OK, OK, Green Weenie has been slow on the post. Hey, we tried to stay up and watch the Pirates stagger home to victory, but last night, the sandman won. He pitched a better game than Ross Ohlendorf.
Hey, even though the Bucs are streaking, it's not exactly been compelling baseball so far against the Dodgers. And GW is definitely way too old school to appreciate the Mardi Gras breaking out at home plate after a walk off single; he comes from the "act like you've done it before" generation.
Still, a little life after a win is not a bad thing, and the star-crossed cast from Pittsburgh may finally be finding ways to win games after spending a couple of decades losing them in every manner possible.
And a crowd of 31,000 for the night game following the opener? Well, we're impressed. Maybe all the juice hasn't been squeezed out of the region's baseball fans yet.
Yesterday's game story is pretty simple.
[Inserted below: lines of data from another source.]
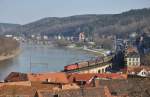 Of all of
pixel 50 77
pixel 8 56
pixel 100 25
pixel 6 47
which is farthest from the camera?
pixel 100 25

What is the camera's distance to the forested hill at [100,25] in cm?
7888

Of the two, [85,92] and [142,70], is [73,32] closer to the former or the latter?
[142,70]

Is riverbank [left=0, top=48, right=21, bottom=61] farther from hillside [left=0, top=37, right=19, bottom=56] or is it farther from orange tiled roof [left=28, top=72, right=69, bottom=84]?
orange tiled roof [left=28, top=72, right=69, bottom=84]

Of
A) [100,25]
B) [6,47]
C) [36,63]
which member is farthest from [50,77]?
[100,25]

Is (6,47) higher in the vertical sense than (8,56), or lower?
higher

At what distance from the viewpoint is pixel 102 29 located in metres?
90.9

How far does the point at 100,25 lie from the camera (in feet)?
318

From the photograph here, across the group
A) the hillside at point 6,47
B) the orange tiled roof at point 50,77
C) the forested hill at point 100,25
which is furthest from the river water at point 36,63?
the forested hill at point 100,25

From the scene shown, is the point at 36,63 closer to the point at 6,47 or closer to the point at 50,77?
the point at 6,47

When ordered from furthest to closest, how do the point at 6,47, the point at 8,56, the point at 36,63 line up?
1. the point at 6,47
2. the point at 8,56
3. the point at 36,63

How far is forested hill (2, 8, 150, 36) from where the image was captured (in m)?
78.9

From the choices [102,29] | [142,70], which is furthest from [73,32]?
[142,70]

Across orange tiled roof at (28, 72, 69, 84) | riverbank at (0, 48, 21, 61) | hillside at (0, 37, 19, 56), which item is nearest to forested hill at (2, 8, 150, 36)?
hillside at (0, 37, 19, 56)

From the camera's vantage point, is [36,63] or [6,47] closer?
[36,63] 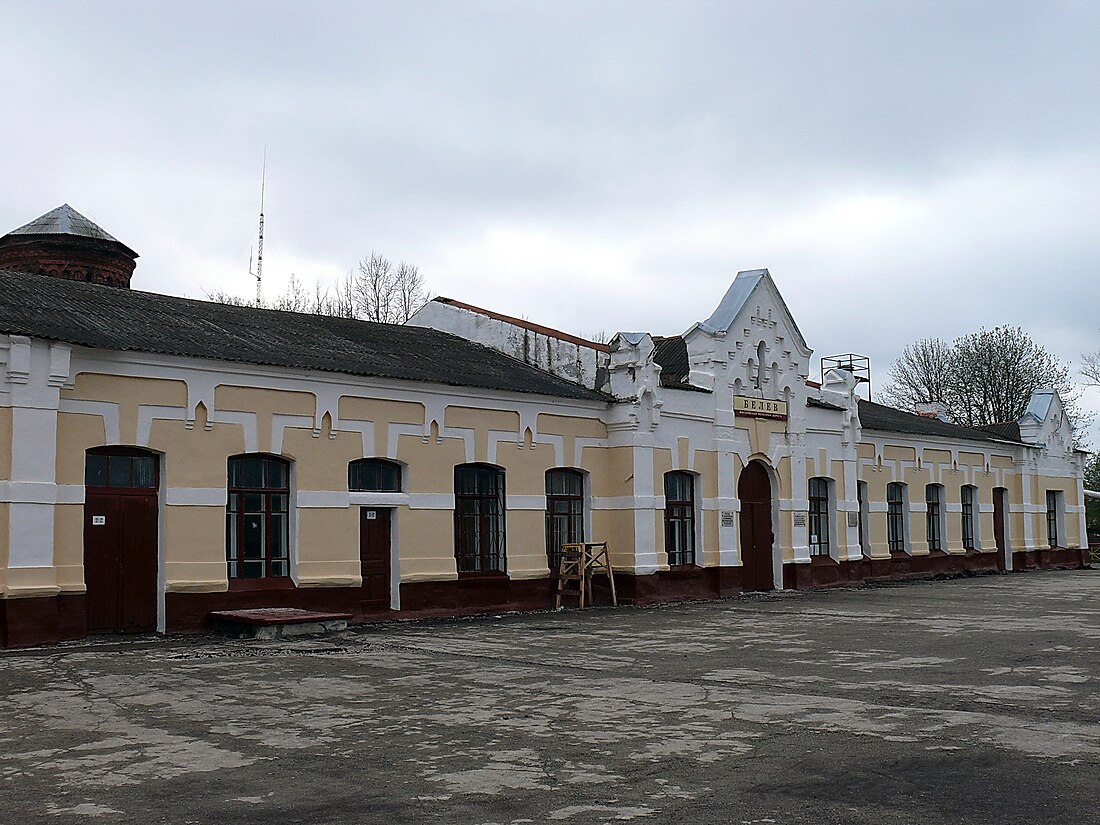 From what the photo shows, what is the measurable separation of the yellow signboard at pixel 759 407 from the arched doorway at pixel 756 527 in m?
1.07

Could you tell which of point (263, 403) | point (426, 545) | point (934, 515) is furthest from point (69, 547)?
point (934, 515)

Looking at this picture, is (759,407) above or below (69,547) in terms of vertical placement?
above

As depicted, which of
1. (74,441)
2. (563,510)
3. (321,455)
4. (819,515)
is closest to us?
(74,441)

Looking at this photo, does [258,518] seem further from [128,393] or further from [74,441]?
[74,441]

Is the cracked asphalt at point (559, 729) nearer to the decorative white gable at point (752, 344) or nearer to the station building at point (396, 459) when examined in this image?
the station building at point (396, 459)

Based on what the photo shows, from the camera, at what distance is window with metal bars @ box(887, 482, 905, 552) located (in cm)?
2941

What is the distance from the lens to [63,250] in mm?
24219

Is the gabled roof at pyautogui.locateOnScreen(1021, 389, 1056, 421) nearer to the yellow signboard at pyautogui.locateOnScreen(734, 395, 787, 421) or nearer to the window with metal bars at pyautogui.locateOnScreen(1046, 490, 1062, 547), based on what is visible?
the window with metal bars at pyautogui.locateOnScreen(1046, 490, 1062, 547)

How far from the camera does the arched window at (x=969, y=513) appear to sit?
3206 cm

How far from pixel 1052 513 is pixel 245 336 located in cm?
2771

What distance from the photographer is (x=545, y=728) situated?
862 centimetres

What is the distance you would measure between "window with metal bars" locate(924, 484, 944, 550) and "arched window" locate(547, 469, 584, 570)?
13249mm

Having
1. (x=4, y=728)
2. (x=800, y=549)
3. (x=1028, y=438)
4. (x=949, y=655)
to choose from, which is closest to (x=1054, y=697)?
(x=949, y=655)

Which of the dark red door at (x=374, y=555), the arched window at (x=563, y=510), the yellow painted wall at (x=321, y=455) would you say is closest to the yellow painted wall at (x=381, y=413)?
the yellow painted wall at (x=321, y=455)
Garrett Jones clobbered a three-run homer in the first, and the Dodgers, ever the opportunists, cashed in a trio of tallies in the fifth thanks to a wide throw by Andy LaRoche (who also made a couple of very nice plays) followed by a couple of hits.
The Pirates left the bases loaded in the fifth; the Dodgers returned the favor when they left a runner on third with no outs in the ninth. Then Ronny Cedeno, in a nine-pitch at-bat, lined a shot over a drawn-in infield to score Lastings Milledge, and the party at the dish commenced.
But the Pirates aren't quite the 1927 Yankees. Neither Zach Duke nor Ohlendorf was particularly sharp, but they were both gamers and managed their innings quite nicely, even if surrounded by opposing runners most of the time.
The bullpen ran through more raindrops than Gene Kelly, but again, the game is decided by runs, not runners.
The offense? Well, someone better hose Garrett Jones off; three homers and six RBI in ten at-bats is sizzlin'. Andrew McCutchen has adapted to the two hole; he's hitting .444 as is the nine hitter, Ronny Cedeno, who looks like he just may make GW swallow some crow.
So's Ryan Doumit; two of his four hits have been for extra bases, and in the early going, he's been a good if unorthodox fit at clean-up.
Aki Iwamura doesn't have a hit yet, but he's taken eight of his ten at-bats to three balls, wearing down the pitcher and giving the rest of the order a good peek at the stuff they'll be looking at.
The fielding has been a bit better than expected, with some flashes of brilliance followed by moments of high comedy; but all-in-all, it's been steady enough for its nineteen innings.
Paul Maholm will try to beat the Dodgers and the rain today at 12:35.